We have a customer with a scenario where a set of services run on SERVER1 -or- SERVER2. If any service in a set fails, everything in the set should be stopped and the entire set should be started on the other server. Below I’ll describe how to implement this.
In my example I’ll assume there are three services in each set, Service A, Service B and Service C. This pattern will scale to any number, though it it is admittedly a little tedious to setup initially.
The first step is to use the Start, Stop or Restart a Service action, and create an action to start Service A, Service B and Service C specifically on SERVER1 and SERVER2. That is 6 actions to be created. In addition we need to create 6 more that use the same action, but these are used to Stop the services. Note that normally the service could be started on the monitored server with much fewer actions, but in this case we want to stop and start the services on a different server, so this level of specificity is needed.

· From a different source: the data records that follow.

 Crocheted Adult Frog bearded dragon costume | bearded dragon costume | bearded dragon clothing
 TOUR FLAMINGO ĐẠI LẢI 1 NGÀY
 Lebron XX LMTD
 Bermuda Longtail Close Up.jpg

So three actions to start the service on SERVER 1, three actions to stop on SERVER 1, three actions to start on SERVER 2 and three actions to stop on SERVER 2.
To make these actions easier to deal with, I recommend adding the sets of three into an Action List action. So you’ll have four Action Lists:
- Stop services on SERVER 1
- Start services on SERVER 1
- Stop services on SERVER 2
- Start services on SERVER 2
With all of that done, we can now setup the monitors. First we’ll create a Service Monitor on SERVER 1 that is set to watch Service A, Service B and Service C. We’ll create a monitor like this for both SERVER 1 and SERVER 2.

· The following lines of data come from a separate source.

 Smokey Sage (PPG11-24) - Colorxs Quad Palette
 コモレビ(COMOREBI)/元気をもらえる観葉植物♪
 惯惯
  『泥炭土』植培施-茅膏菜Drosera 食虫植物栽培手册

Now click the Actions button. We want to make sure that when the monitor on SERVER 1 detects a down service, that it runs the following Action Lists:
Stop services on SERVER 1
Start services on SERVER 2
We only want the actions to get run once while in alert state (i.e. when the monitor is detecting the services are not running), so choose the shown radio button below:
On the monitor for SERVER 2, we’ll setup actions similarly, except when it fires actions it will run:
Stop services on SERVER 2
Start services on SERVER 1
Now we have what we want – when a watch service in a set on SERVER 1 stops, all services in the set will be stopped, and the set of services will be started on SERVER 2. And vice versa.